Select Comfort shareholders reject deal

At a special meeting on Aug. 27, Select Comfort shareholders rejected a stock purchase agreement with Sterling Partners that would have given the investment group a majority stake in the Minneapolis–based mattress company.

The Sterling proposal fell just short of a majority, receiving 49.94% of the vote. The agreement was to include the issuance and sale to Sterling of 50 million shares of Select Comfort stock at $0.70 a share. The day before the meeting, Select Comfort stock closed at $2.77 a share.

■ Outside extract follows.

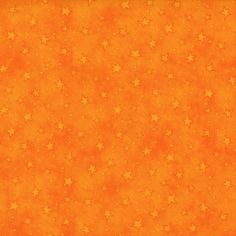 an orange background with gold stars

Due to the vote’s very narrow margin, Select Comfort had Broadridge Financial Solutions, an independent certifier, conduct a recount. Broadridge verified the initial results of the vote. Subsequently, Sterling Partners filed a complaint in Delaware Chancery Court requesting expedited proceedings and a temporary restraining order requiring that Select Comfort retain an additional independent third party to recount the vote and that it be prohibited from terminating the securities purchase agreement until the recount was complete.

On Sept. 4, the court rejected Sterling Partners’ requests. On Sept. 3, Patrick Hopf, a former Select Comfort board chairman who holds 73,750 shares, filed a similar lawsuit in Hennepin County Minnesota District Court against the company. If the Sterling Partners agreement had been approved, Hopf was expected to be appointed president and chief executive officer of the company.

On Sept. 8, various financial news sources were reporting that hedge fund Adage Capital Partners GP had offered Select Comfort alternative financing.